It’s amazing how you can spend your whole life passing through a space, and still know so little
of it. Caught up in the clamour of everyday life, you often overlook the backstreets and the
laneways. The nooks and crannies off the beaten path from which we seldom stray. The
lockdown changed that for lots of people. When your whole world is limited down to a 2 km
radius, it stirs people to explore. You see them, wandering aimlessly up and down our road. No
business here at all, just led by curiosity and driven by boredom. They keep their distance
though, so I suppose they’re doing no harm.

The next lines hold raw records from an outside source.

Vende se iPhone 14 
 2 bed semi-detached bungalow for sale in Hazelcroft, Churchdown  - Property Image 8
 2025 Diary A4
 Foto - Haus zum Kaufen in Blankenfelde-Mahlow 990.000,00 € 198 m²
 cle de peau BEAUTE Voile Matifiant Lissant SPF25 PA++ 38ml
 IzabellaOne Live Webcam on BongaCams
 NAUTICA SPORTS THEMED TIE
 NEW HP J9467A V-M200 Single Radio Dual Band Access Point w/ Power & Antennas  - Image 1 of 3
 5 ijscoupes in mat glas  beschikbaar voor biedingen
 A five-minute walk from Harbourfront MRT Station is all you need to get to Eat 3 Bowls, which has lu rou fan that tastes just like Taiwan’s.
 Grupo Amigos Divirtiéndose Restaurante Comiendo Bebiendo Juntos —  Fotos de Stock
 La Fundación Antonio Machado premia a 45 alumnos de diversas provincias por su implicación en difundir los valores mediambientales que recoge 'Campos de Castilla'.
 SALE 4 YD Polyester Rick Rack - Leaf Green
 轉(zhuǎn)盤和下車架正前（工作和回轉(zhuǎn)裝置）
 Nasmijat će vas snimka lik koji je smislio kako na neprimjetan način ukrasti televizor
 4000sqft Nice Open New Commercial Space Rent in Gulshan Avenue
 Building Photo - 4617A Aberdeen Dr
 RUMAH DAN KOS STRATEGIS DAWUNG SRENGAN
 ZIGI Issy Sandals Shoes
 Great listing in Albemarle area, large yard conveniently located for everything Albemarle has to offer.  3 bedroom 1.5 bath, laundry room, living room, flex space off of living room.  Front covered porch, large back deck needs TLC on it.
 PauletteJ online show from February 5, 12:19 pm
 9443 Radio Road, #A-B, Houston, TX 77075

Driven by similar motives, I started to search my zone for a waterbody. Since childhood, May
had always been a month for fishing, either Spring Salmon in Connemara or the Mayfly hatch
on Lough Corrib. But as with most of the country Galway was off limits, and fishing would have
to be found closer to home.
Fishing in the west of Ireland means bog, and lots of it. Irregular hillsides of bronze and
copper, flashes of green and red. As the light changes throughout the day, the colours seem to
melt and slide into one another. It’s that barren but beautiful landscape I associate with fishing.
It’s raw and timeless, unchanged for Millenia. Its history is etched upon it, scattered ruins,
abandoned during the famine, paths first worn when this pace was ruled by tribes. In the city,
office blocks and chimney pots are the backdrop. Concrete in the changing light flits from shade
to shade of grey, without any of the tricks it plays over the bog.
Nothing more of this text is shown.